(Supplied data):
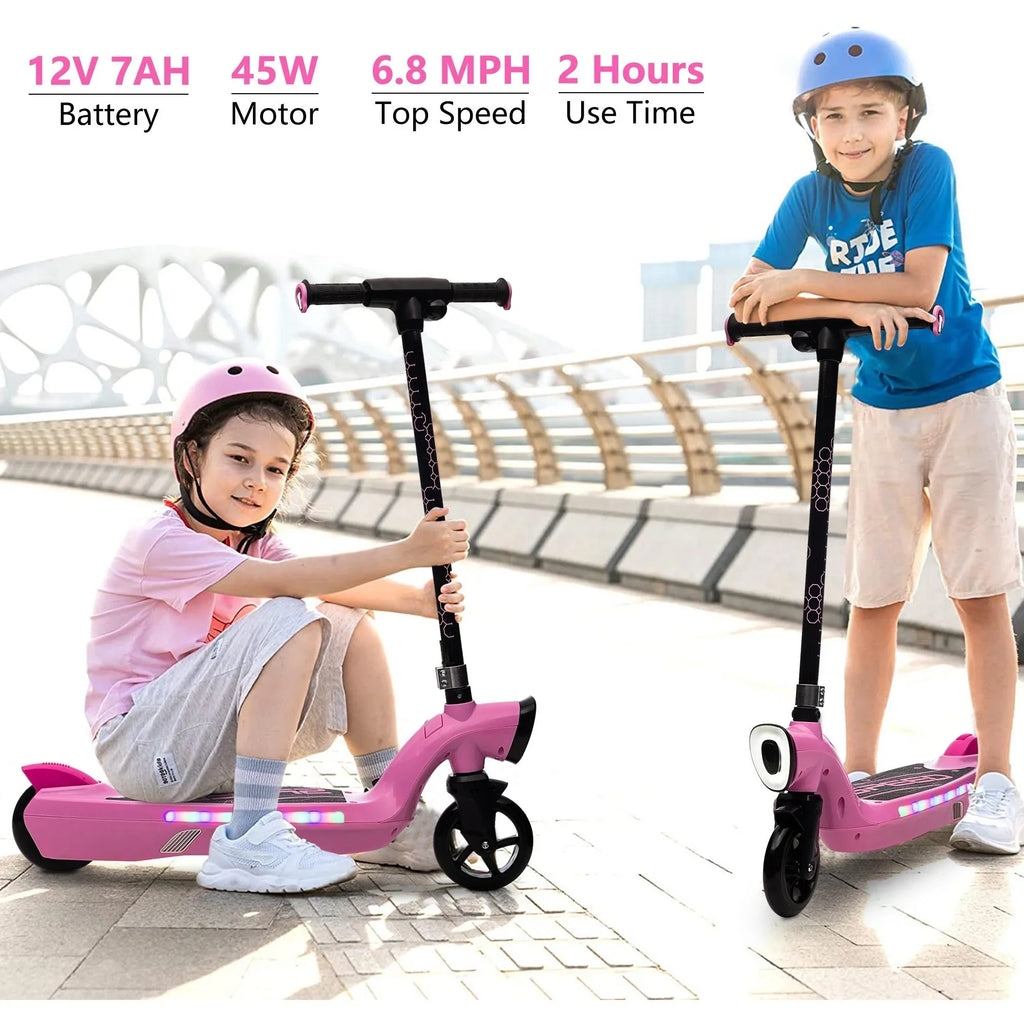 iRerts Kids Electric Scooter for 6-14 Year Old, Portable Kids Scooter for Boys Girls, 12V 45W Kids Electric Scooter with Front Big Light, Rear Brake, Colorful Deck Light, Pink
--
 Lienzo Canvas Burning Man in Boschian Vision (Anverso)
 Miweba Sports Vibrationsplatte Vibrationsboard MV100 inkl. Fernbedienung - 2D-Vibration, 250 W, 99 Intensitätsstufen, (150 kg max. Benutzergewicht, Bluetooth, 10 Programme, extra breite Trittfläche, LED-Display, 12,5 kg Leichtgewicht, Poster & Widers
==
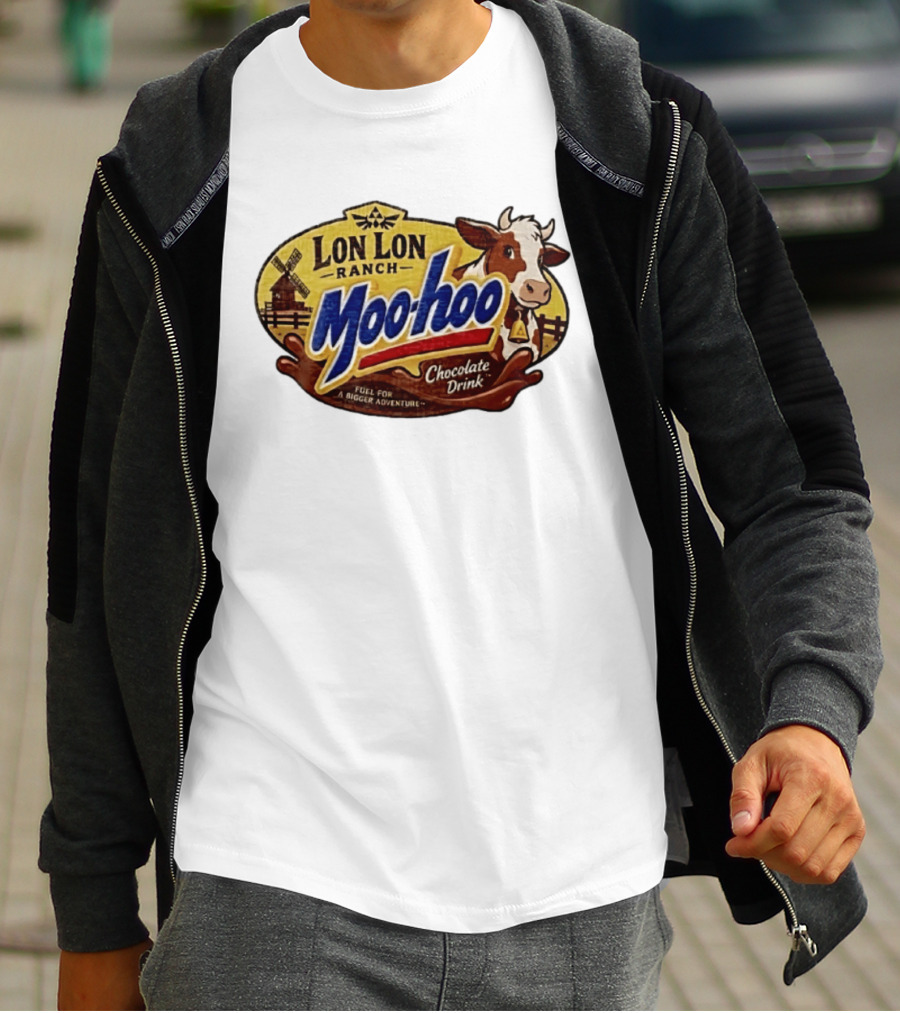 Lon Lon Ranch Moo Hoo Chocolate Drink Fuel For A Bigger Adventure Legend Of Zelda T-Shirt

(Task description): Could you repeat exactly the lines in the listing above from the one with "Lienzo Canvas Burning" down to the one with "Miweba Sports Vibrationsplatte"? Include both of those lines.

(Answer area):
 Lienzo Canvas Burning Man in Boschian Vision (Anverso)
 Miweba Sports Vibrationsplatte Vibrationsboard MV100 inkl. Fernbedienung - 2D-Vibration, 250 W, 99 Intensitätsstufen, (150 kg max. Benutzergewicht, Bluetooth, 10 Programme, extra breite Trittfläche, LED-Display, 12,5 kg Leichtgewicht, Poster & Widers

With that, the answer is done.